**What is needed**
What you give back must match the records below exactly, apart from the pictures, which are omitted.

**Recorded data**
= = =
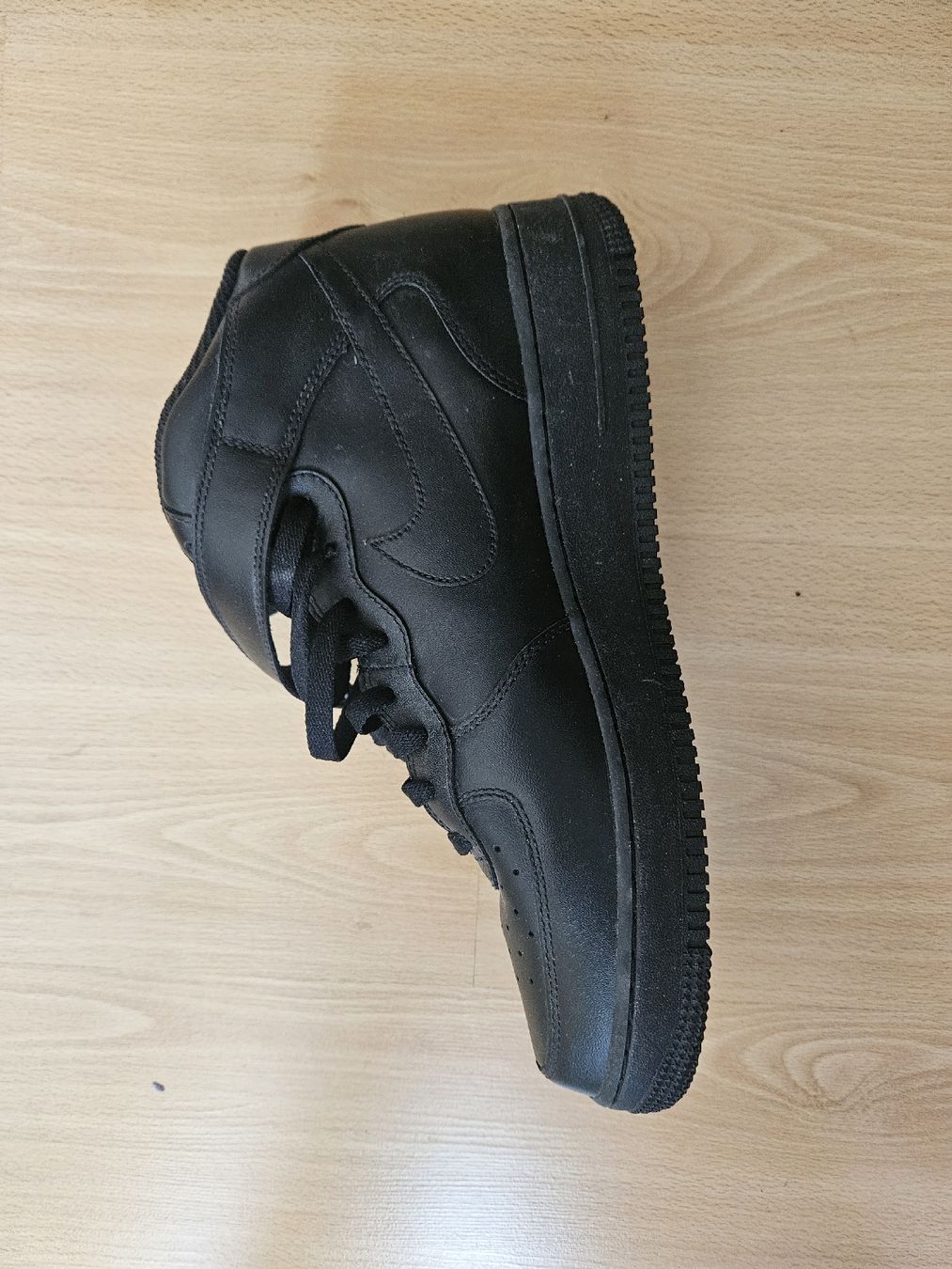 Nike Scarpe da uomo: NIKE Airforce Herren Gr 44.5 – Nuovo (secondo la descrizione) da Nidau venduto da ann_2289 2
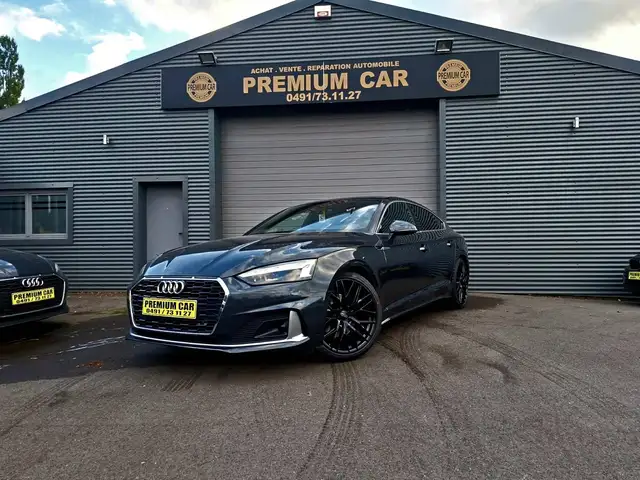 Audi A5 view 3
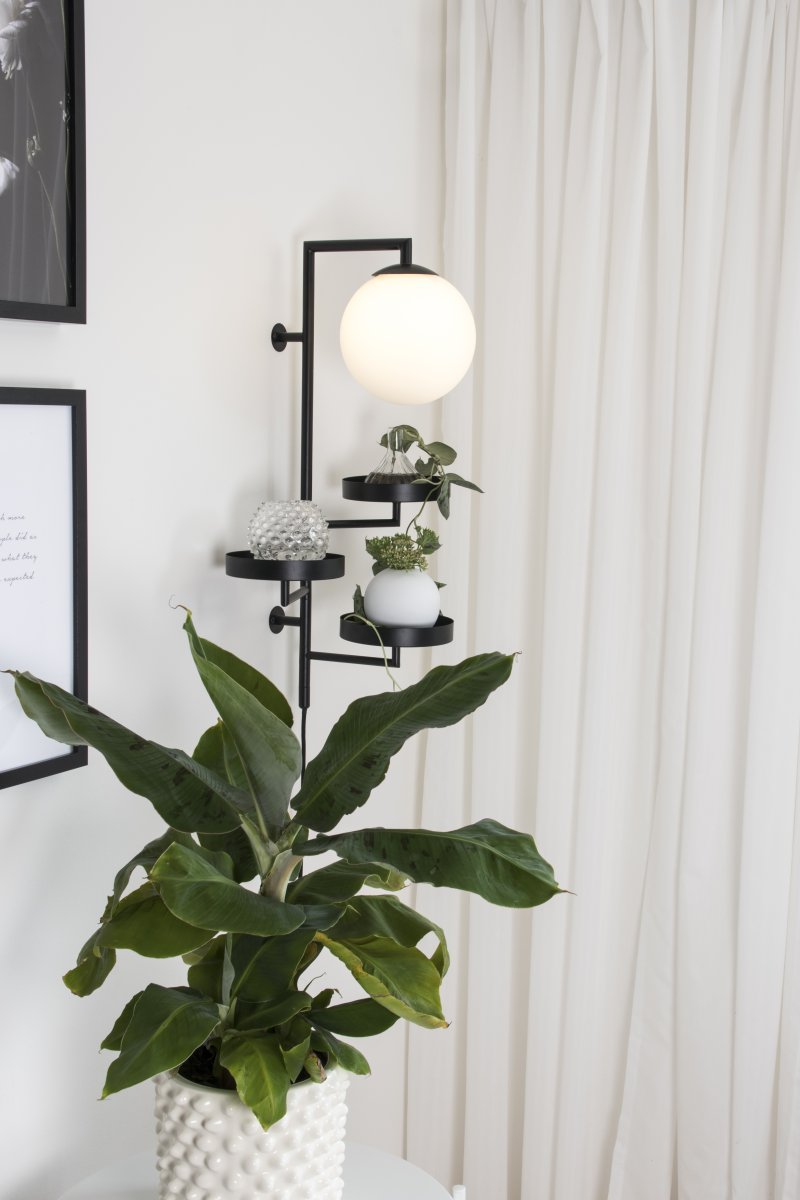 Astoria 62cm Svart vegglampe Fra Globen Lighting - Lampen er laget av metall, har en matt hvit glassskjerm og har en 200 cm lang tekstilledning med bryter og støpsel.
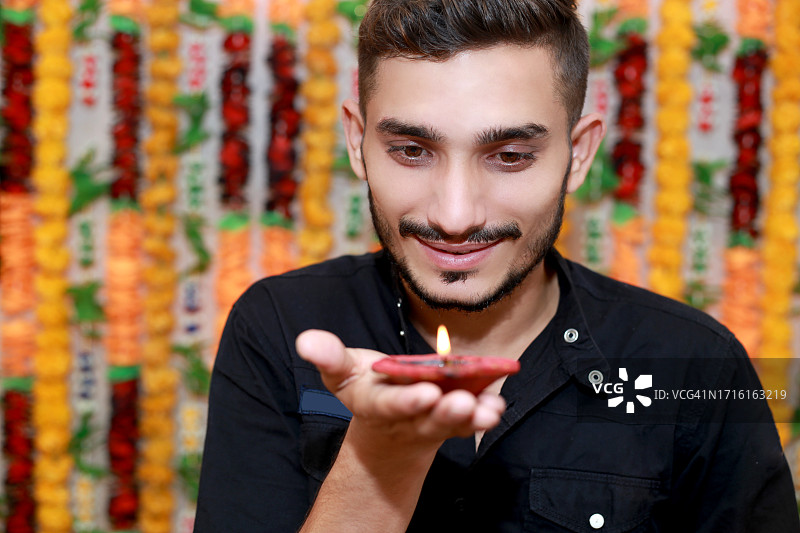 手持油灯的年轻男人图片素材
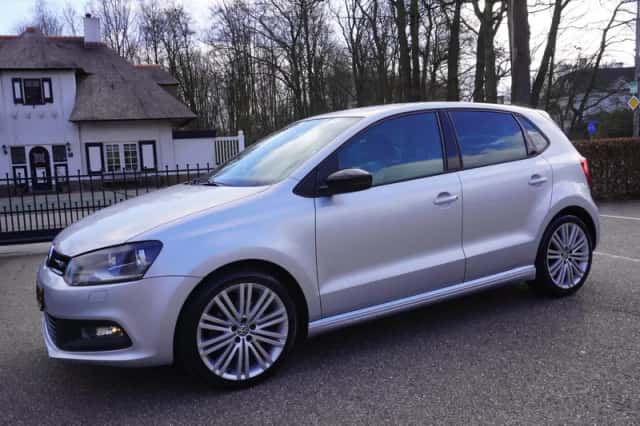 Volkswagen Polo (2013) thumbnail 1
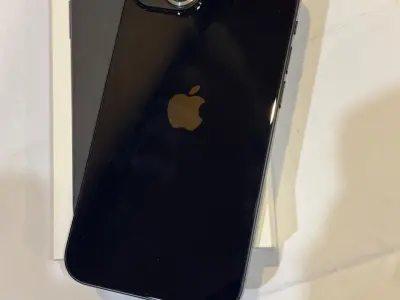 PTA Approved IPhone 13  128 GB Midnight Blue - photo 2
= = =
**Solution to this problem**
 Nike Scarpe da uomo: NIKE Airforce Herren Gr 44.5 – Nuovo (secondo la descrizione) da Nidau venduto da ann_2289 2
 Audi A5 view 3
 Astoria 62cm Svart vegglampe Fra Globen Lighting - Lampen er laget av metall, har en matt hvit glassskjerm og har en 200 cm lang tekstilledning med bryter og støpsel.
 手持油灯的年轻男人图片素材
 Volkswagen Polo (2013) thumbnail 1
 PTA Approved IPhone 13  128 GB Midnight Blue - photo 2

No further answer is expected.